More than 40 representatives from a wide range of branches across Prospect’s public services sector met this week to discuss how to progress the union’s public and civil service pay campaign.


Public Services Sector President Geoff Fletcher opened the event, telling reps that civil service pay is broken and that members voices would be crucial in delivering the next steps on the campaign.

On behalf of Prospect’s Research Department, Martin McIvor, gave a presentation on the broader economic context and the implications of government spending plans for departmental budgets. He pointed out that when protected spending on areas like the NHS was excluded that for many government departments “real terms cuts in budgets are pencilled in for future years.”

Mike Clancy, Prospect General Secretary, told the meeting that the Prime Minister’s speech softening Net Zero commitments showed that the campaign for the next general election was well underway.

Responding to the watering down of important targets, Mike said, that for Prospect members, “This is something that is a professional vocation and a professional responsibility… It is profoundly depressing that the announcements yesterday were both free of fact and risking our future.”

Reflecting on how the next election would influence policy towards the civil service and the wider public sector, Mike explained Prospect’s view that pay delegation is broken beyond repair.
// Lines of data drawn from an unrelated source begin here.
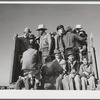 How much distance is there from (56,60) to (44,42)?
205 millimetres

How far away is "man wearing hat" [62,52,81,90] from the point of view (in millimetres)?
1864

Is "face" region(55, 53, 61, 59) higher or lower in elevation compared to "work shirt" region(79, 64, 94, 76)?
higher

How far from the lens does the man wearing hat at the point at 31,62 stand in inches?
75.1

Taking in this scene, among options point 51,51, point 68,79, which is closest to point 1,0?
point 51,51

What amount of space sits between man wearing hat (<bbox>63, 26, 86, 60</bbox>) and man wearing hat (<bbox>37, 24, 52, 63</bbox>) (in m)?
0.15

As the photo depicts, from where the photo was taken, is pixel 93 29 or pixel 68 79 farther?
pixel 93 29

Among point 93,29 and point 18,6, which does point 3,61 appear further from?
point 93,29

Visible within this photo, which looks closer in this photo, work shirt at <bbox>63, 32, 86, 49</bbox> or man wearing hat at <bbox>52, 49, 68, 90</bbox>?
man wearing hat at <bbox>52, 49, 68, 90</bbox>

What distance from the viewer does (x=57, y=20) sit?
205 cm

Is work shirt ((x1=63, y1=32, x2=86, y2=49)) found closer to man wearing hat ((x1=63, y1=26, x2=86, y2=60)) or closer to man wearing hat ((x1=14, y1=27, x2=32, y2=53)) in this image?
man wearing hat ((x1=63, y1=26, x2=86, y2=60))

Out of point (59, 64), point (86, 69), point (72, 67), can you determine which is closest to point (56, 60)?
point (59, 64)

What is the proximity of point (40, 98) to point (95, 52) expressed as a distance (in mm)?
666

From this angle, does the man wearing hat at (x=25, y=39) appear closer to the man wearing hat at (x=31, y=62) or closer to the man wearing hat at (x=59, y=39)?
the man wearing hat at (x=31, y=62)

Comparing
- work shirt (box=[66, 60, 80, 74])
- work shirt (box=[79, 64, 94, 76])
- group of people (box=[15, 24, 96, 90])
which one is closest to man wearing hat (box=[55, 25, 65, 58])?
group of people (box=[15, 24, 96, 90]) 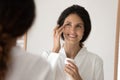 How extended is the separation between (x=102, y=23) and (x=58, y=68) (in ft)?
1.45

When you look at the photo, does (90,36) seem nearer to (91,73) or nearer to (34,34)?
(91,73)

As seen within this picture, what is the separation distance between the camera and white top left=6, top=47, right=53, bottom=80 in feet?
1.65

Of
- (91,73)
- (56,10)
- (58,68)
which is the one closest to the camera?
(58,68)

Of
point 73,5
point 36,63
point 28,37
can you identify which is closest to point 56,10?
point 73,5

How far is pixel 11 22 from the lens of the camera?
0.46m

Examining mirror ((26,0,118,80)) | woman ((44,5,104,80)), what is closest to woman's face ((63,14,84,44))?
woman ((44,5,104,80))

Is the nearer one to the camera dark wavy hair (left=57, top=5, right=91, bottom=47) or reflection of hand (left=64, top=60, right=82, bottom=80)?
reflection of hand (left=64, top=60, right=82, bottom=80)

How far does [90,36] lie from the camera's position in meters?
1.12

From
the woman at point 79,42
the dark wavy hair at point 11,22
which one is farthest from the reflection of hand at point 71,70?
the dark wavy hair at point 11,22

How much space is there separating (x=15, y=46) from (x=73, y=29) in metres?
0.53

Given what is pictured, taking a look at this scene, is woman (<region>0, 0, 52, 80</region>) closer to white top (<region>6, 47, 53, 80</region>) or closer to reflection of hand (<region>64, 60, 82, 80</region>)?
white top (<region>6, 47, 53, 80</region>)

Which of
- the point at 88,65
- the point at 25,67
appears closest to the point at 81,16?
the point at 88,65

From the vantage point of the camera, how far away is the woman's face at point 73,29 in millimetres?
1001

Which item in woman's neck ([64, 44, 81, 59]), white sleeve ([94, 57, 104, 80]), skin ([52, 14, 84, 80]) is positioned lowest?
white sleeve ([94, 57, 104, 80]) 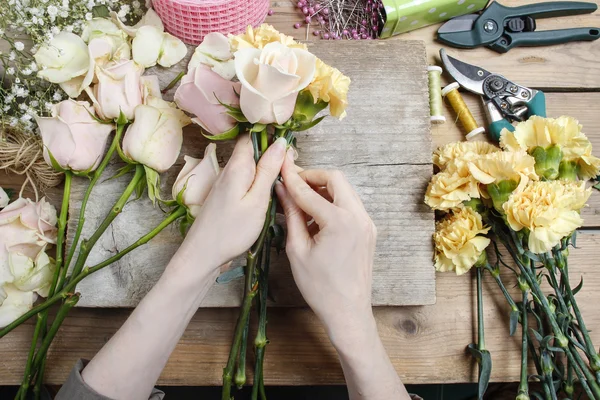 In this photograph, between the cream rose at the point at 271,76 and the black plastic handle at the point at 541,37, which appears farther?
the black plastic handle at the point at 541,37

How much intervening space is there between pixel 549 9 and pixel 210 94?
62 cm

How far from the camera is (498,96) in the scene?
0.85 m

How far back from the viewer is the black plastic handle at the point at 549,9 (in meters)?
0.89

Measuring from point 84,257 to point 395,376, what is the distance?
0.45 m

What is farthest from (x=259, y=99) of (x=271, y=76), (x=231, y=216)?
(x=231, y=216)

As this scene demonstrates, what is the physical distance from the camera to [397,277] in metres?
0.76

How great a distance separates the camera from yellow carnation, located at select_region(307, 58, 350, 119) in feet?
2.05

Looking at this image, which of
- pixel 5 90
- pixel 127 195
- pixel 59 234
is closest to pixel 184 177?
pixel 127 195

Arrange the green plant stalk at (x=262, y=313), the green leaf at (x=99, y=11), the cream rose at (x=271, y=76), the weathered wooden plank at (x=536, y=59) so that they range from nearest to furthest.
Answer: the cream rose at (x=271, y=76) < the green plant stalk at (x=262, y=313) < the green leaf at (x=99, y=11) < the weathered wooden plank at (x=536, y=59)

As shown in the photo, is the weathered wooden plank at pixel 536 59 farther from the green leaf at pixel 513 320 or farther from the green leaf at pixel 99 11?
the green leaf at pixel 513 320

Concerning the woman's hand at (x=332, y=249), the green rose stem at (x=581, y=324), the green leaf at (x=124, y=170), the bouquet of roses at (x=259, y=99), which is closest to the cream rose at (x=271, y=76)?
the bouquet of roses at (x=259, y=99)

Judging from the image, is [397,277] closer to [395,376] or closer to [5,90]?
[395,376]

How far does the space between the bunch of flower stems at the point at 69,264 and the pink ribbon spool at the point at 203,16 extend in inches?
7.0

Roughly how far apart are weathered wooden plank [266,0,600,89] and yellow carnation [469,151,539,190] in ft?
0.87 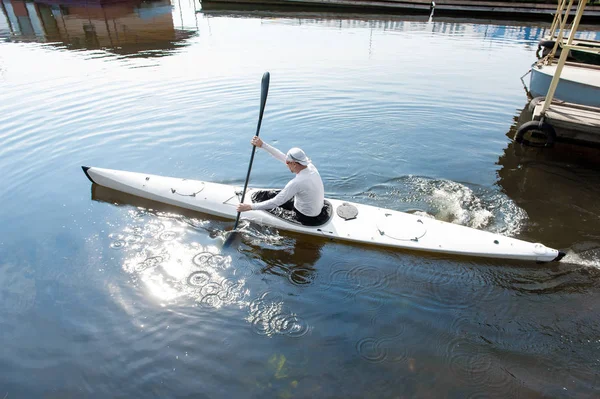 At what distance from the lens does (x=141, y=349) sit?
466cm

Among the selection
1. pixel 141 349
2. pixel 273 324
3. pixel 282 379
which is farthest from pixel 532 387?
pixel 141 349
But he believed that there is an opportunity to identify what a new system would look like, and what would be credible, to offer as an option for change to whoever forms the next government after the election.

The General Secretary said that the next government “must set a path back to valuing the civil service and civil servants.”

Ken Mulkearn, Director of Incomes Data Research (IDR), delivered a presentation on “Pay in the civil service – where next?

He outlined some of the problems with the current process for setting most civil servants pay – the pay remit and delegated bargaining. He said this process has led to comparatively low pay awards, downward pressure on other pay elements including progression, an absence of meaningful negotiations in many cases, as well as making it difficult for departments to deal with issues like specialist pay.

Ken will be leading a programme of research work for Prospect and the FDA identifying some features of a “reformed and renovated” pay review process that could guide Prospect’s campaigning and bargaining in future.

Prospect’s Garry Graham addressing public sector reps

Garry Graham, Prospect deputy general secretary for the public service sector, reflected on the union’s campaigning in 2022 and 2023.

He emphasised that the union had achieved a £1,500 payment, moratorium on changes on redundancy terms to 2025 and commitments on compulsory redundancies and arbitrary headcount cut targets.

He said these tangible changes would not have been achieved without the campaigning and industrial action taken by members in the sector.

He told reps that campaigning was ongoing across the sector, including industrial action ballots taking place in some areas.

Working with the Public Services Sector Executive, he said, a key priority for 2024 was tackling the lack of pay progression.

He called on the representatives present and all branches to share stories of what they are doing to raise profile of members’ work in the sector; identify areas where there are pressing recruitment and retention problems; and provide briefings on the impact of pay austerity for more than a decade on public service delivery.